## [Exercise directions]
Below are some records. Print exactly the lines between the one holding "Imagen secundaria 1" and the one holding "Foto 1: ;Antonio", inclusive, and nothing else.
*** Working data ***
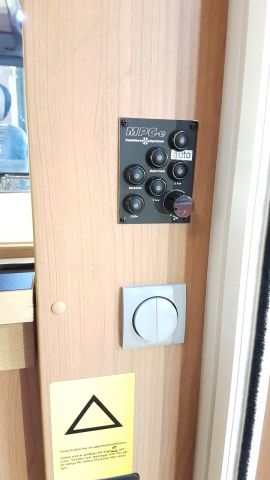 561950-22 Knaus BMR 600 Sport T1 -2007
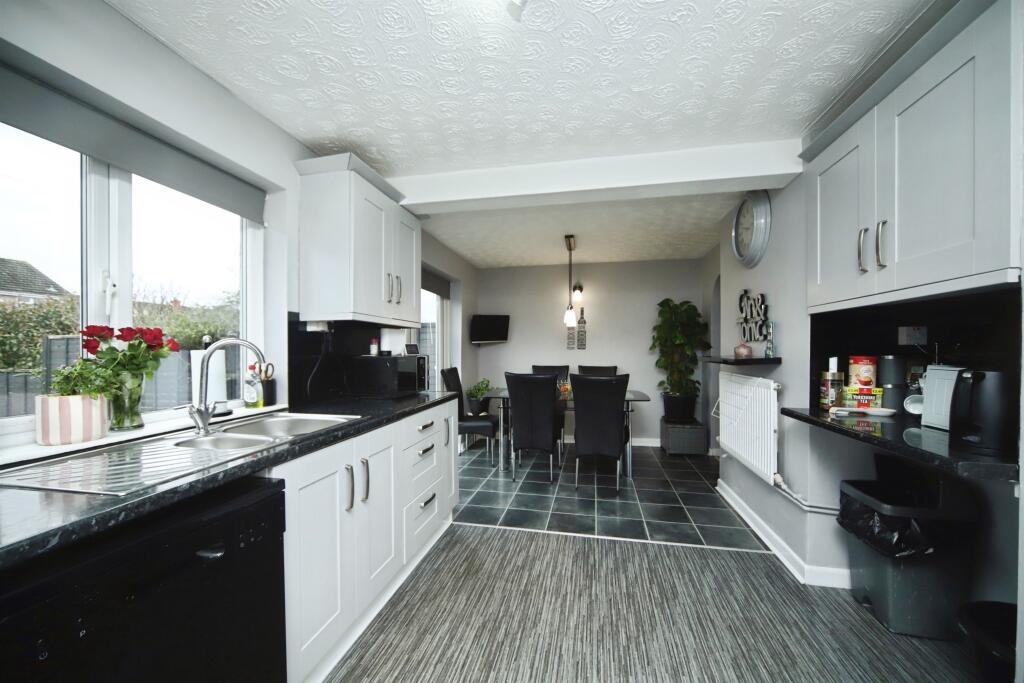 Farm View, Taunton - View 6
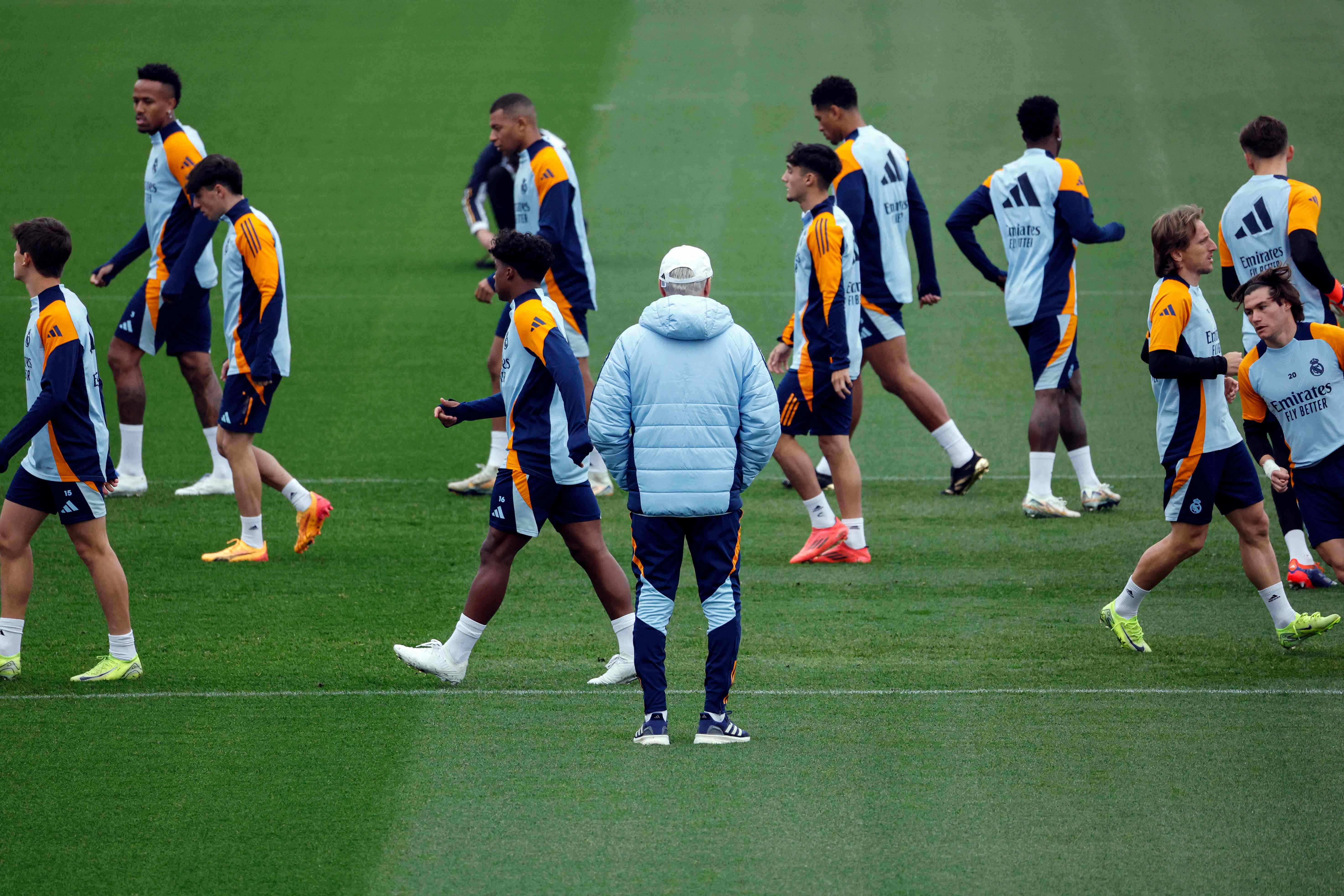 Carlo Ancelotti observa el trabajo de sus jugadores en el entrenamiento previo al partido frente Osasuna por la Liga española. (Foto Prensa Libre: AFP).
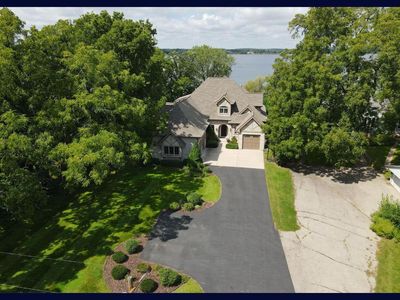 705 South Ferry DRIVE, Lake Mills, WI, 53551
***
*** Working data ***
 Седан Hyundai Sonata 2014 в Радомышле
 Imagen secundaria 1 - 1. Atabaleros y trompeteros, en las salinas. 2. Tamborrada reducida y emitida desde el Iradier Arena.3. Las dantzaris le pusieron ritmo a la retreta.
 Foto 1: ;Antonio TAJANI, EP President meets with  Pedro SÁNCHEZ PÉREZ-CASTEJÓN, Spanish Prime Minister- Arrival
***
## [Answer to this problem]
 Imagen secundaria 1 - 1. Atabaleros y trompeteros, en las salinas. 2. Tamborrada reducida y emitida desde el Iradier Arena.3. Las dantzaris le pusieron ritmo a la retreta.
 Foto 1: ;Antonio TAJANI, EP President meets with  Pedro SÁNCHEZ PÉREZ-CASTEJÓN, Spanish Prime Minister- Arrival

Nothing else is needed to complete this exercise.